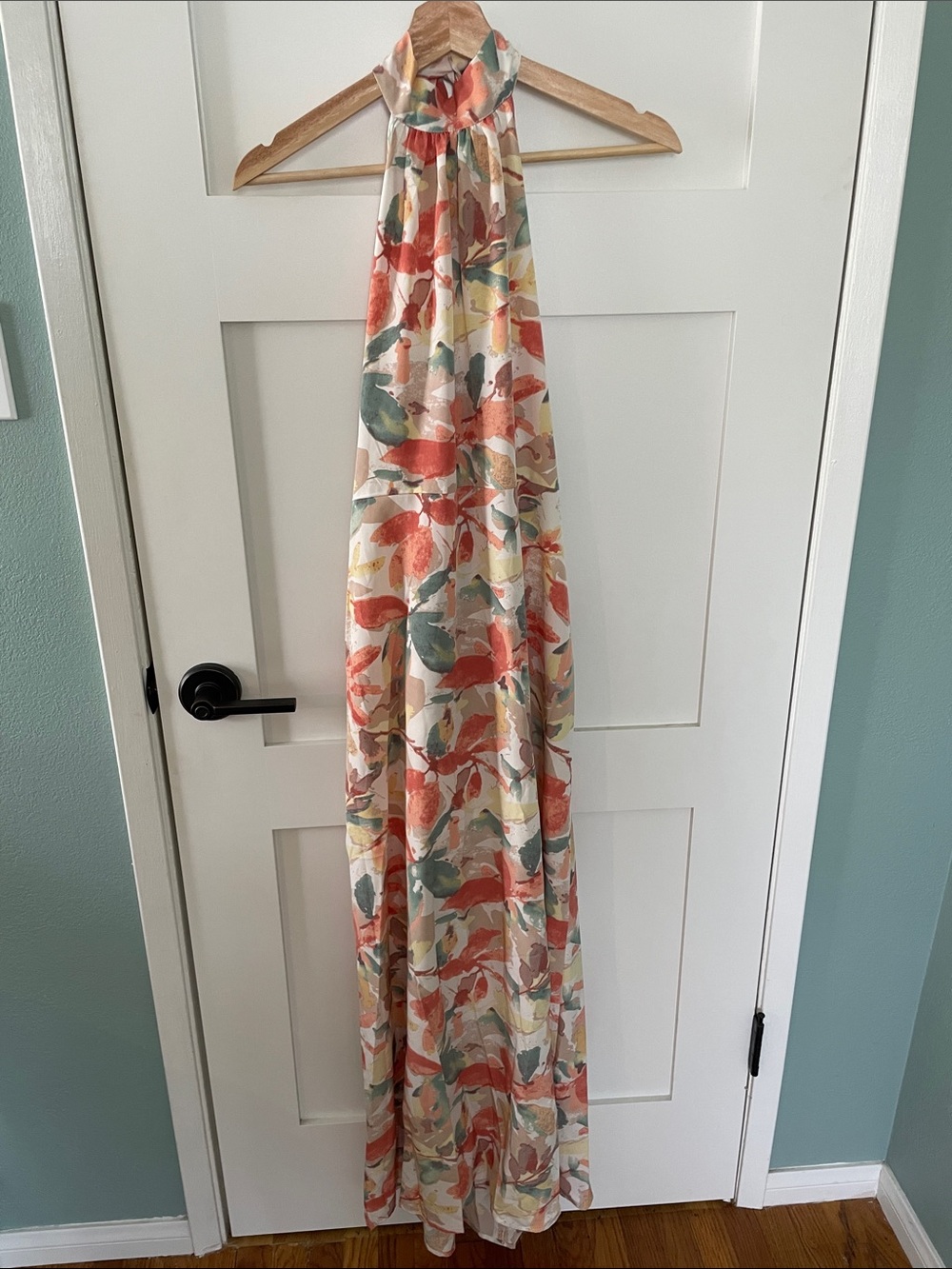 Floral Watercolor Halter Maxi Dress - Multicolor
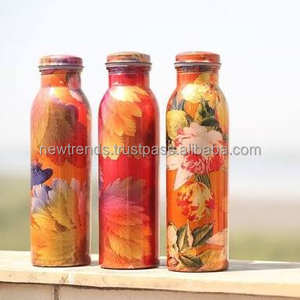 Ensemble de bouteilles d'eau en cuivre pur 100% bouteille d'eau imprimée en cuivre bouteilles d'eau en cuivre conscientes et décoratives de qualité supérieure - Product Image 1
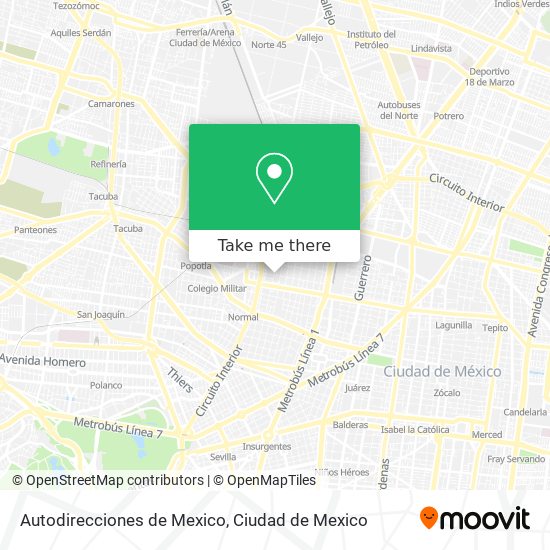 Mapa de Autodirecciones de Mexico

■ WHAT IS BEING ASKED
Counting both ends, reproduce word for word the lines from the line with "Ensemble de bouteilles" to the final line of the listing above, skipping every picture.

■ RESULT
 Ensemble de bouteilles d'eau en cuivre pur 100% bouteille d'eau imprimée en cuivre bouteilles d'eau en cuivre conscientes et décoratives de qualité supérieure - Product Image 1
 Mapa de Autodirecciones de Mexico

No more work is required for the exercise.